Today he claims that Fabian Society meetings this year “are expected to be lively,” an allegation we are sure would be news to its cardigan-wearing, pipe-smoking membership led by above-pictured former Labor minister Race Mathews. :
The Fabian Society battles on, with Evan Thornley’s election as national secretary threatening to inject some much needed extra-parliamentary zeal into their 2009 agenda. The Thornley appointment has met with outrage from some members miffed at his resignation from the Victorian Upper House and meetings this year are expected to be lively. The Fabians’ action plan for 2009 reads like a desperate call for participation — all the right ideas are present and accounted before (including some ahead of the curve thinking on emissions trading). Whether it manages to recreate this impressive line-up of guest speakers remains to be seen.

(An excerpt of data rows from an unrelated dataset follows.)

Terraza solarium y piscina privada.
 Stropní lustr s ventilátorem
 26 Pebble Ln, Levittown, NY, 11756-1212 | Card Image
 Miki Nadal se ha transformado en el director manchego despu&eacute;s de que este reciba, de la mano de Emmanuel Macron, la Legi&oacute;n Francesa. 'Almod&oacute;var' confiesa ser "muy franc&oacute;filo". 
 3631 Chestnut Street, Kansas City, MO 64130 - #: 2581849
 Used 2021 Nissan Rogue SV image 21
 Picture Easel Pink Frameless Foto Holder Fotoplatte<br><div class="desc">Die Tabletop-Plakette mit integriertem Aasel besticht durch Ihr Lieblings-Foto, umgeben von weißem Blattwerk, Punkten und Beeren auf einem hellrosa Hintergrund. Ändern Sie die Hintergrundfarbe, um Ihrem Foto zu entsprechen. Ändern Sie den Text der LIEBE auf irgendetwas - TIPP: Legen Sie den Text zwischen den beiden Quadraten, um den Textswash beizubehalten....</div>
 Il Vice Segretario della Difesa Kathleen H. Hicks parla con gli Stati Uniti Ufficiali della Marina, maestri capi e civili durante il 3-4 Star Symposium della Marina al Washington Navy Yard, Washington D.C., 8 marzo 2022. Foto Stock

It is not the first time the Fabians – whose leadership includes Racy Race Mathews and others whose idea of fun is booking lecture theatre and an intriguing sociologist for a few hours of earnest discussion – have been misrepresented. If you are intrigued about Race Mathews – and who isn’t? – please click here to read about him and his role in the “Melbourne Science Fiction Group” (surely a front).
Mel Gibson’s papa Hutton- a loon whose hobbies include Holocaust denial and who makes his occasionally anti-semitic ranting movie-star son look normal – believes the Fabians are controlled by the devil. This is not necessarily considered a reference to Evan Thornley. He claims that Fabian “creeping socialism” is intent on world domination.